Z M K v C W K [2006] KEHC 3014 (KLR) | Child Maintenance | Esheria

Z M K v C W K [2006] KEHC 3014 (KLR)

Full Case Text

REPUBLIC OF KENYA

IN THE HIGH COURT OF KENYA AT NAKURU

Civil Appeal 117 of 2005

Z M K …….........................................………...APPELLANT

VERSUS

C W K……......................................……..RESPONDENT

JUDGMENT

The appeal herein arose from a ruling delivered by the trial Court in the Senior Principal Magistrate’s Court at Naivasha, Separation and Maintenance Cause No. 4 of 2001 where the respondent herein was the petitioner and the appellant was the respondent.

The background to this appeal as I understand it is that on 22nd October, 2001, the appellant filed an application under Order XLIV seeking inter-alia review of the decree issued on 23rd July, 2001 so that one quarter of his salary could be attached and not a quarter of his total earnings.  The Court allowed the application and ordered that a sum of Kshs.7,500 would be deducted on a monthly basis for maintenance of two minor children of the parties namely  K Mand M M.  The ruling was delivered on 5th  December, 2001 and the order was extracted on 6th December, 2001.

On 23rd September, 2004 the petitioner filed an application for review of the orders issued on 6th December, 2001.  The said application was made by way of a chamber summons pursuant to the provisions of Order XLIV Rule 1 of the Civil Procedure Rules.  The Court was asked to review the maintenance sum upwards because the children’s financial needs had increased over the years.

In a ruling on the said review application that was delivered on 18th March, 2005, the Court reviewed its earlier orders and ordered attachment of one third of the appellant’s salary.  The appellant was aggrieved by the said ruling and preferred this appeal.  The appellant raised the following grounds of appeal:

1. That the learned trial magistrate erred both in law and fact in finding that the applicant (now respondent) was entitled to 1/3 of the appellant’s basic salary without proper basis in law or fact.

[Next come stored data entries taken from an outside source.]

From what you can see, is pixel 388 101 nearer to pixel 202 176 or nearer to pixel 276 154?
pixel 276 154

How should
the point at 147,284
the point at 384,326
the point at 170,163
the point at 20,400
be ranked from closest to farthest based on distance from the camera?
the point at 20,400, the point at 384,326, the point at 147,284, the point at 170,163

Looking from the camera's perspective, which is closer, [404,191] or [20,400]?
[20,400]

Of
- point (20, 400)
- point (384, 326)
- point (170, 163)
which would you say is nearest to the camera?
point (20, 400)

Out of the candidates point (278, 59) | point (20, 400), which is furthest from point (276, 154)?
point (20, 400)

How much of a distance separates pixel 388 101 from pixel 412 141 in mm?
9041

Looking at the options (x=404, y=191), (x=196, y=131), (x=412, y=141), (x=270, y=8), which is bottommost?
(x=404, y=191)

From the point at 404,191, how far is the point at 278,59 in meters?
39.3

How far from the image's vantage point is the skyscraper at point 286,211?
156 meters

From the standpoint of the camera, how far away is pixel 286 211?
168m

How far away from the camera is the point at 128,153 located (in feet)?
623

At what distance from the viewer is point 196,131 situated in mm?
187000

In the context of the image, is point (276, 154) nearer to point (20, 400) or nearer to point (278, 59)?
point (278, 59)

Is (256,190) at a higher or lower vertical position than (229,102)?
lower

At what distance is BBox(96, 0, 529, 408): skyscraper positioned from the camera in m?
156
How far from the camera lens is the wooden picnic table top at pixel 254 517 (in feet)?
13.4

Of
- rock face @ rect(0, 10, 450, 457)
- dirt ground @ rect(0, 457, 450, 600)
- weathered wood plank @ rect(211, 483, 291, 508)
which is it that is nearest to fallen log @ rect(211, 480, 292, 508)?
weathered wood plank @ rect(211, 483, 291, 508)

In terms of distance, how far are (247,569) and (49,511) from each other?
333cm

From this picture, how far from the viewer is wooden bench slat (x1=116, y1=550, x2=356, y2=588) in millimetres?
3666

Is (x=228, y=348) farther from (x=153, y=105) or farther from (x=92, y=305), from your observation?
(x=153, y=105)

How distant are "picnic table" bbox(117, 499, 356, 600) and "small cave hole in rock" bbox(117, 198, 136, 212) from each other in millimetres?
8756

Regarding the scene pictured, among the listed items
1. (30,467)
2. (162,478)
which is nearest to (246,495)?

2. That the learned magistrate failed to give satisfactory, rational or discerning reasons for her finding that the appellant is liable to pay the same to the respondent.

3. That the learned magistrate erred in law and fact in not factoring in the economic ability, status and liabilities of the respondent and the applicant respectively.

4. That the learned trial magistrate erred in law and fact in failing to militate reasons in opposition to the application in her ruling.

5. That the learned magistrate erred in law and fact in issuing review orders while there existed other review orders contrary to Order XLIV Rule 7 of the Civil Procedure Rules.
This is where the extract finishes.